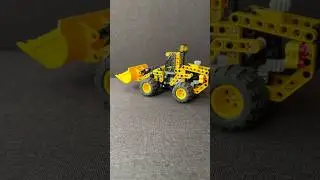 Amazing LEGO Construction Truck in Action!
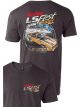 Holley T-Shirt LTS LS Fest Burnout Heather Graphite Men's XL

● ● ●

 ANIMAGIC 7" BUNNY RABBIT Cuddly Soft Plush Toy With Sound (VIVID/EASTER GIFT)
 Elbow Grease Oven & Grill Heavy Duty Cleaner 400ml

● ● ●

§ EXERCISE OBJECTIVE: In the listing above, find the line containing "Sound (VIVID/EASTER GIFT)" and the line containing "Elbow Grease Oven", then retype both and every line between them exactly, with nothing else.

§ ANSWER AREA:
 ANIMAGIC 7" BUNNY RABBIT Cuddly Soft Plush Toy With Sound (VIVID/EASTER GIFT)
 Elbow Grease Oven & Grill Heavy Duty Cleaner 400ml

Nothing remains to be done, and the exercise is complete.